Once a second, each process' priority is recalculated according to a formula involving three components: priority = CPU_usage + nice + base
Based on its new priority, each process is attached to the appropriate queue of Fig. 10-8, usually by dividing the priority by a constant to get the queue number. Let us now briefly examine each of the three components of the priority formula.
CPU_usage, represents the average number of clock ticks per second that the process has had during the past few seconds. Every time the clock ticks, the CPU usage counter in the running process' process table entry is incremented by 1. This counter will ultimately be added to the process' priority giving it a higher numerical value and thus putting it on a lower-priority queue.
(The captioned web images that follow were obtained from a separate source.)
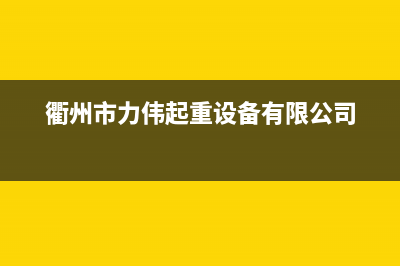 衢州POWTEK力科壁挂炉全国服务电话(衢州市力伟起重设备有限公司)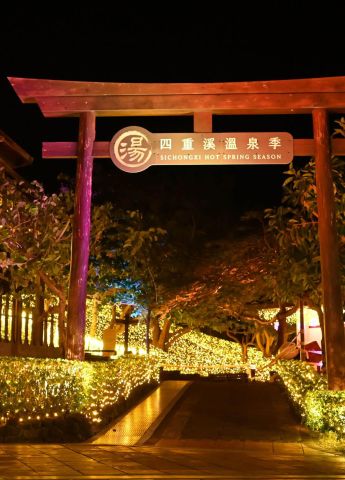 四重溪溫泉公園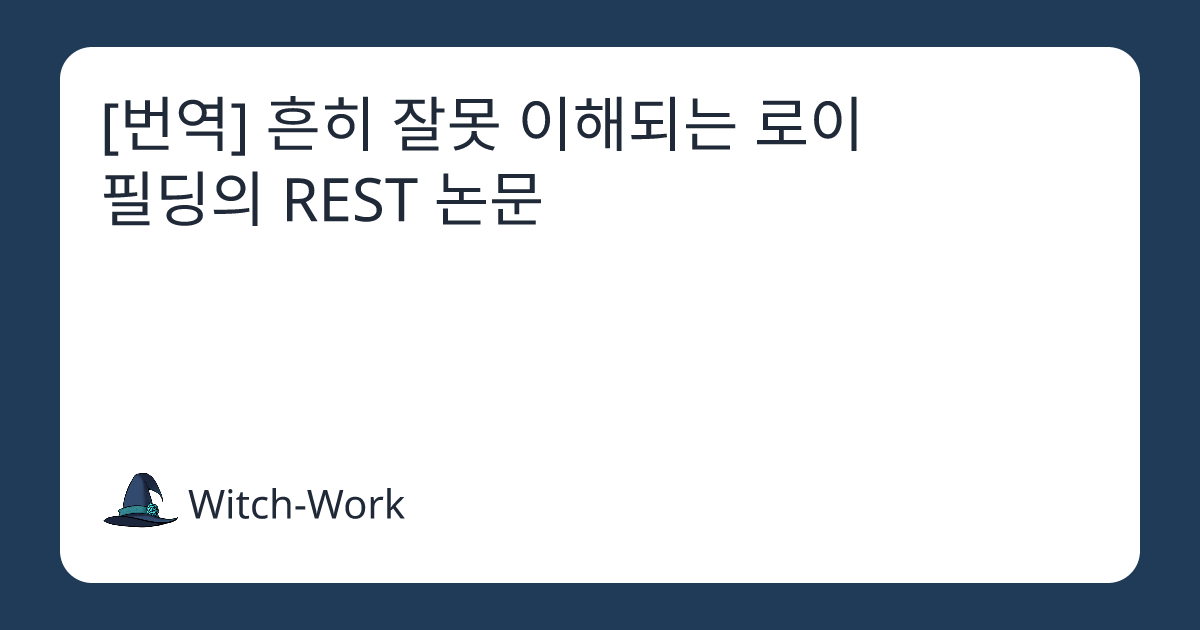 흔히 잘못 이해되는 로이 필딩의 REST 논문 사진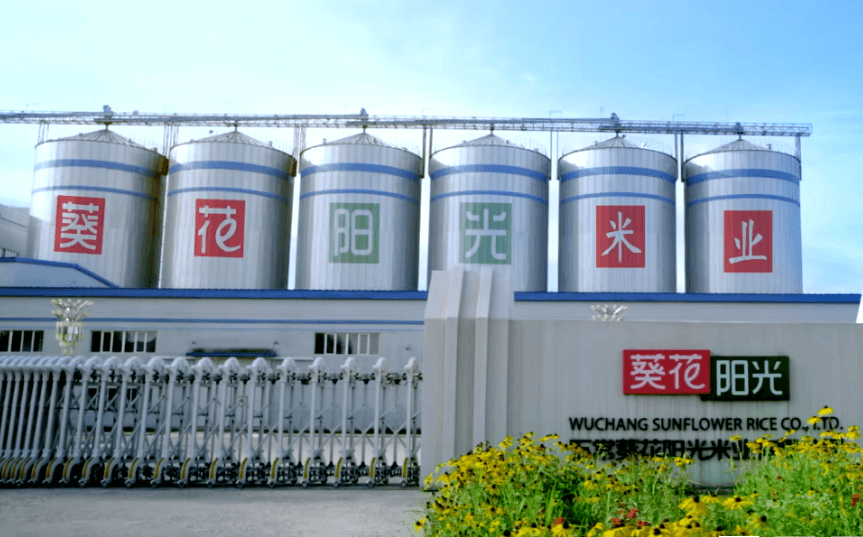 黑龙江省葵花阳光米业有限公司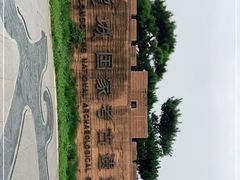 -盘龙城遗址博物院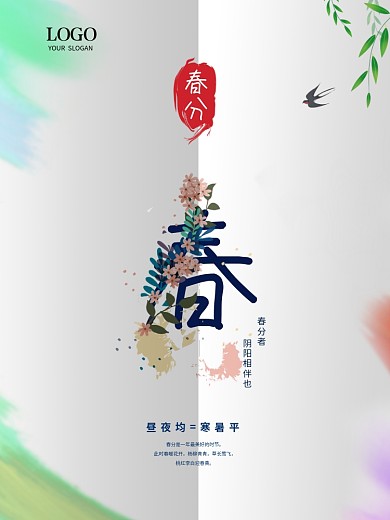 小清新多彩中国风节气春分节气折痕海报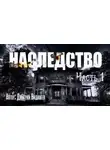 Дмитрий Видинеев - Наследство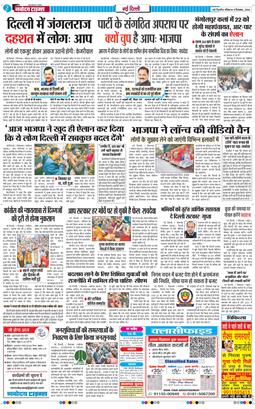 Main Edition 2024-12-08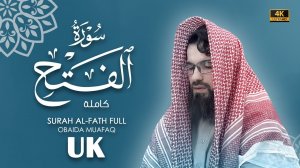 48. Surah Al-Fath  Сура Ал-Фатх  Убайда Муафак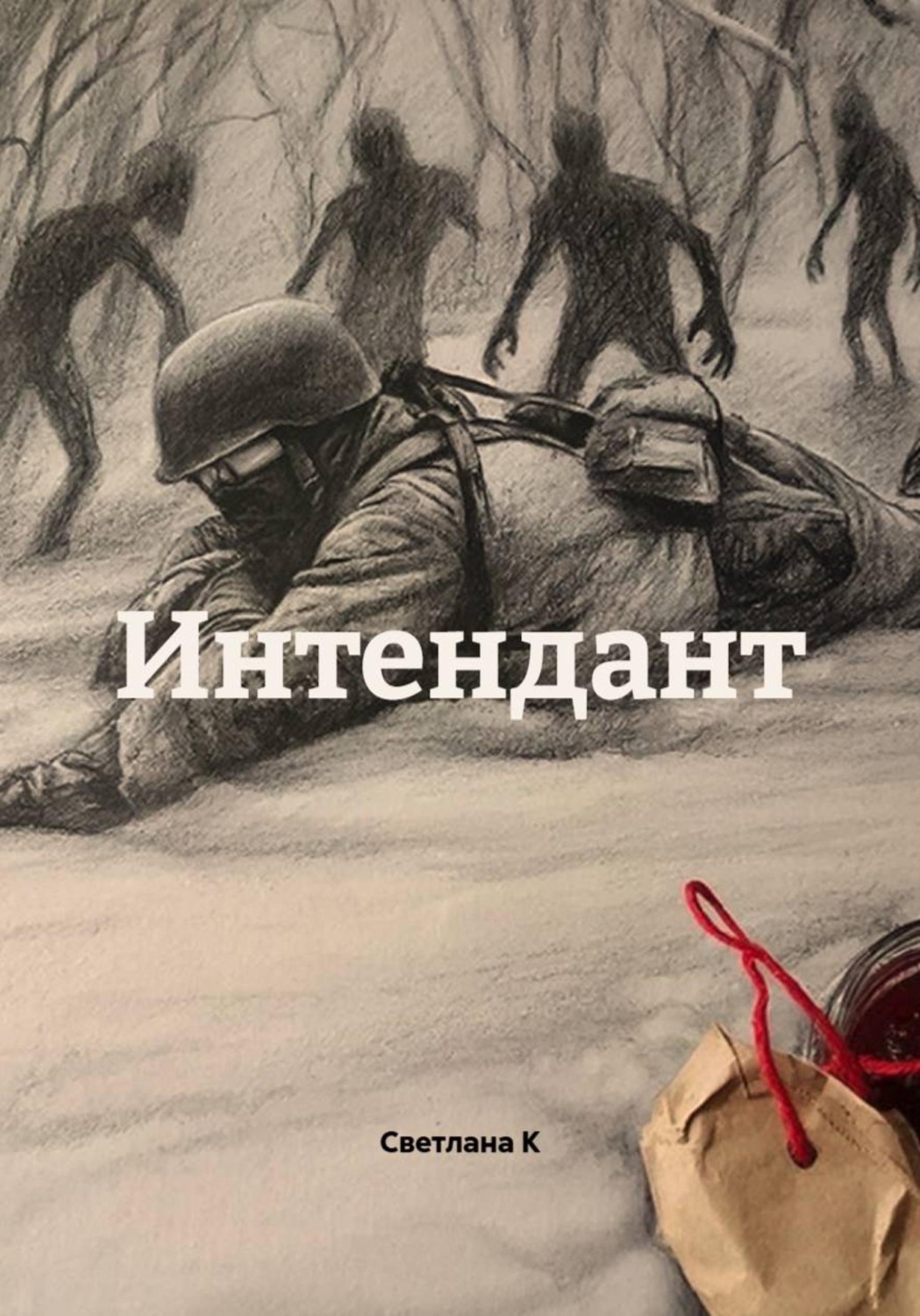 Обложка книги «Интендант»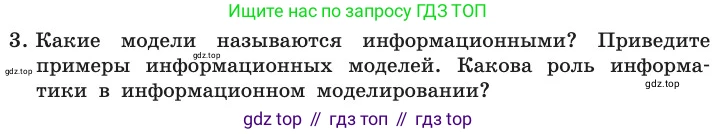 ГДЗ Информатика, 11 класс Учебник, авторы: Босова Людмила Леонидовна, Босова Анна Юрьевна, издательство Просвещение, Москва, 2020, страница 145, номер 3, Условие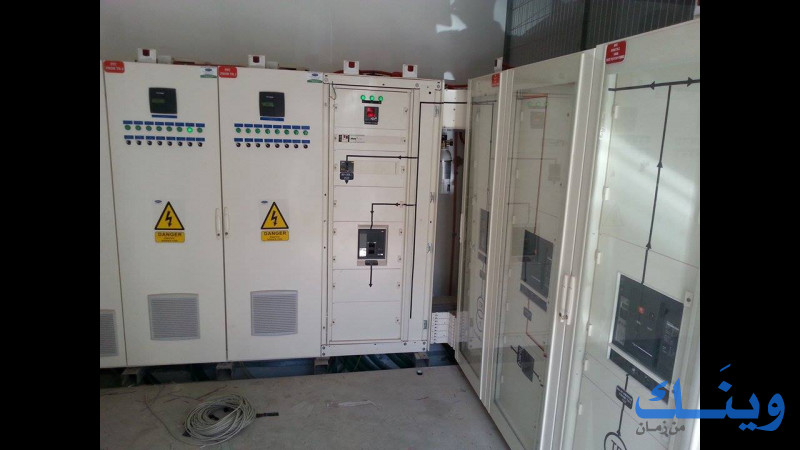 Modern Electromechanical Engineering Co. ( MELEMCO )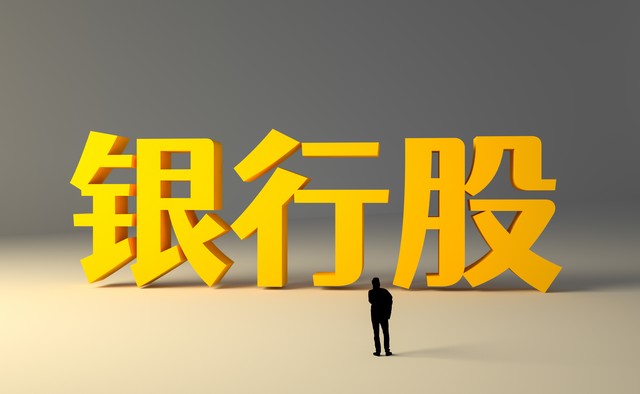 迅捷分析框架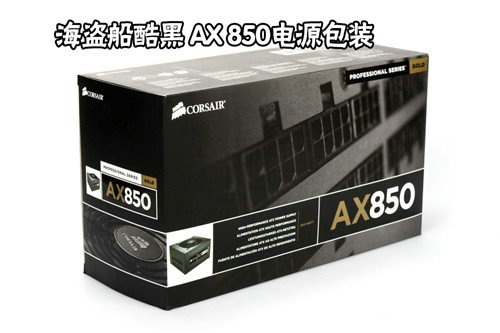 AX850(CMPSU-850AXCN)ͼ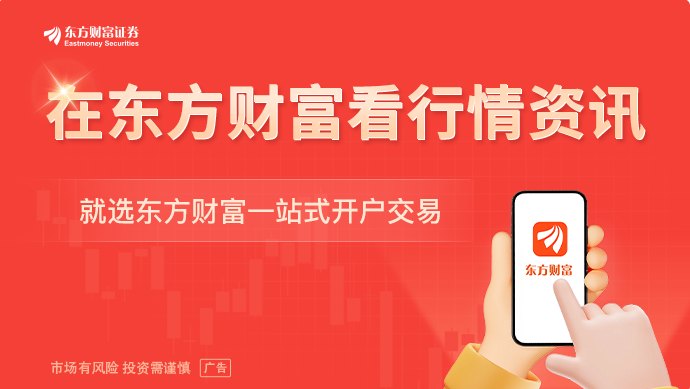 长江存储IPO有进展 这些A股上市公司有望受益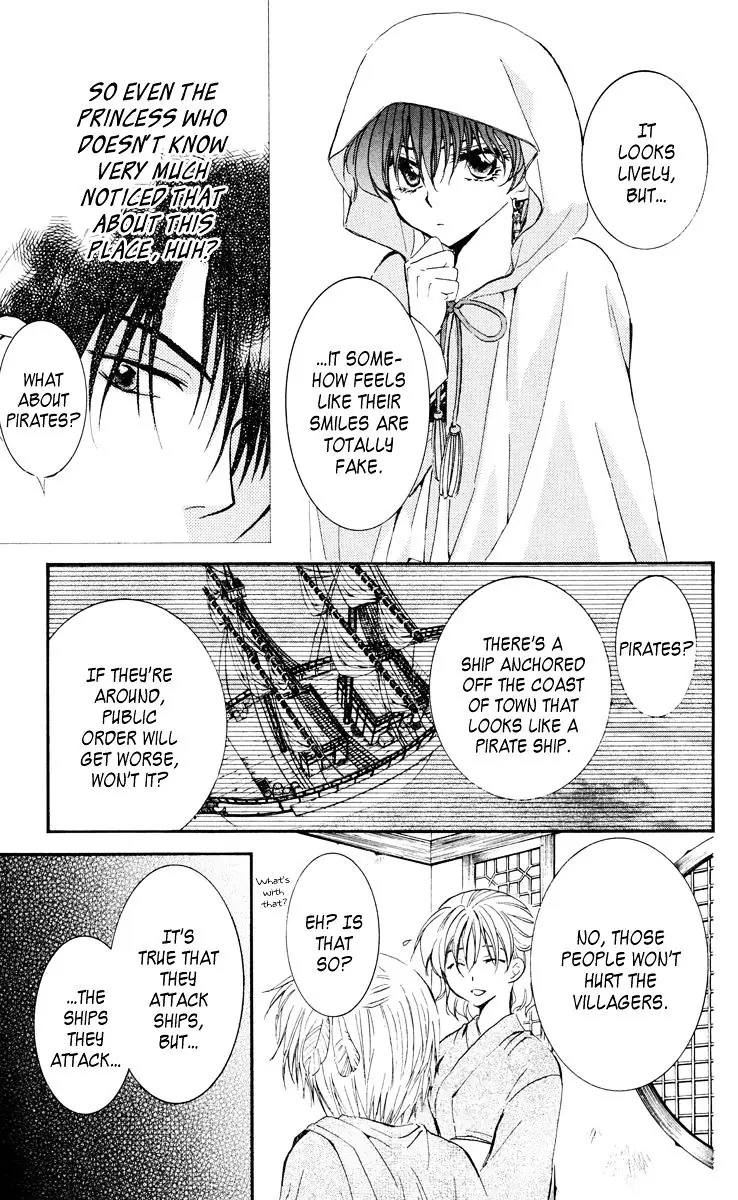 Akatsuki no Yona Chapter 28 Page 10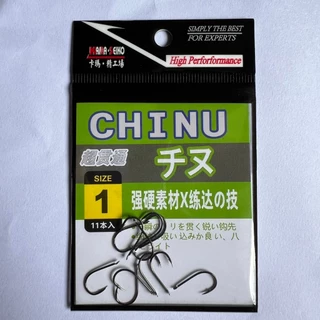ตะขอเบ็ด จินุ CHINU ก้นแบน-ก้นห่วง KAMASEIKO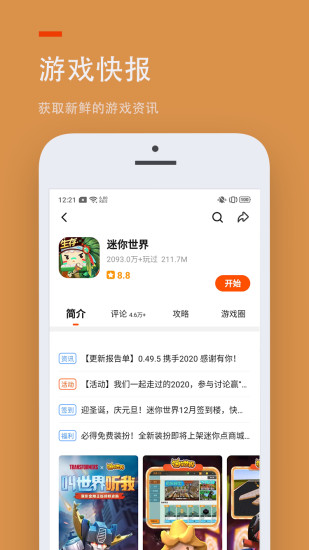 233乐园app最新版v2.60.0.3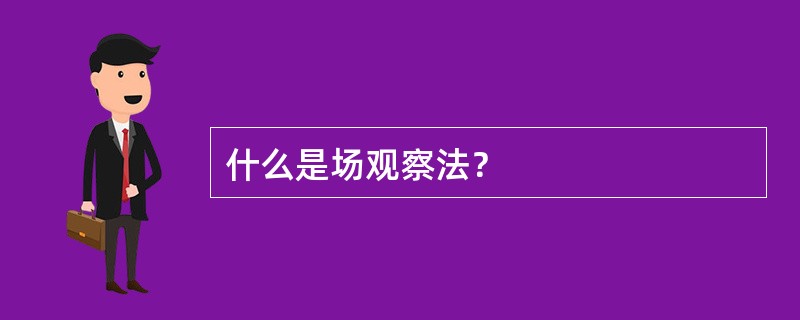 什么是场观察法？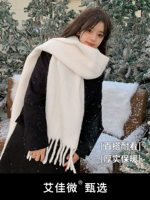 Удерживающий тепло зимний шарф, белая бархатная универсальная накидка для школьников и студентов, увеличенная толщина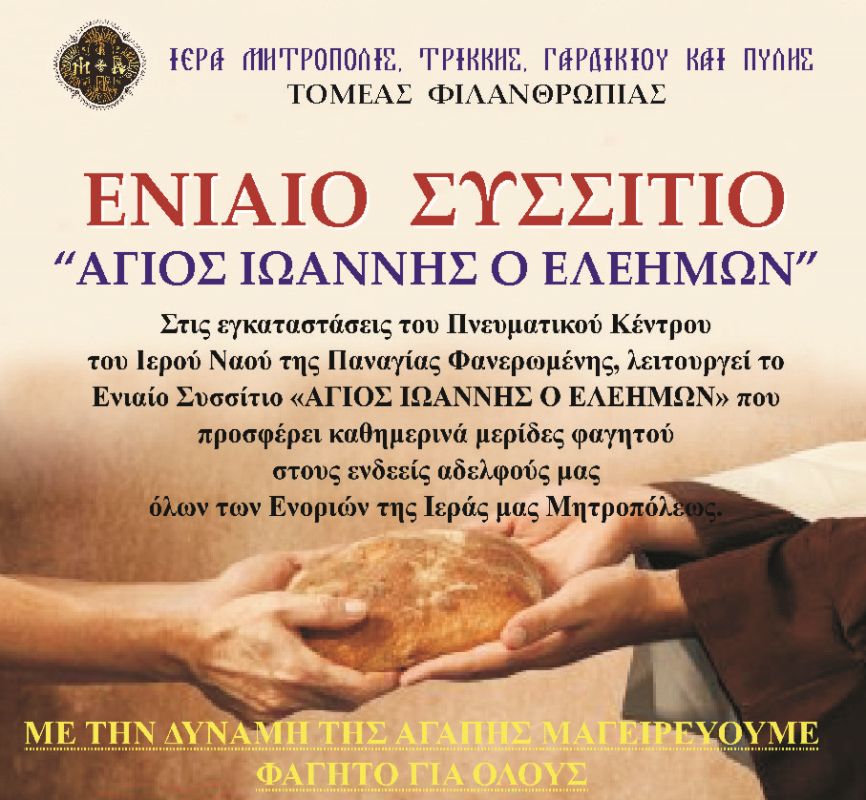 Προετοιμαζόμαστε για το Φθινόπωρο… στο ΕΝΙΑΙΟ ΣΥΣΣΙΤΙΟ «ΑΓΙΟΣ ΙΩΑΝΝΗΣ Ο ΕΛΕΗΜΩΝ» Παναγίας Φανερωμένης Τρικάλων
However, UNIX does not punish a process forever for using the CPU, so CPU_usage decays with time. Different versions of UNIX do the decay slightly differently. One way that has been used is to add the current value of CPU_usage to the number of ticks acquired in the past DT and divide the result by 2. This algorithm weights the most recent DT by ½, the one before that by ¼, and so on. This weighting algorithm is very fast because it just has one addition and one shift, but other weighting schemes have also been used.
Every process has a nice value associated with it. The default value is 0, but the allowed range is generally -20 to +20. A process can set nice to a value in the range 0 to 20 by the nice system call. A user computing p to a billion places in the background might put this call in his program to be nice to the other users. Only the system administrator may ask for better than normal service (meaning values from -20 to -1). Deducing the reason for this rule is left as an exercise for the reader.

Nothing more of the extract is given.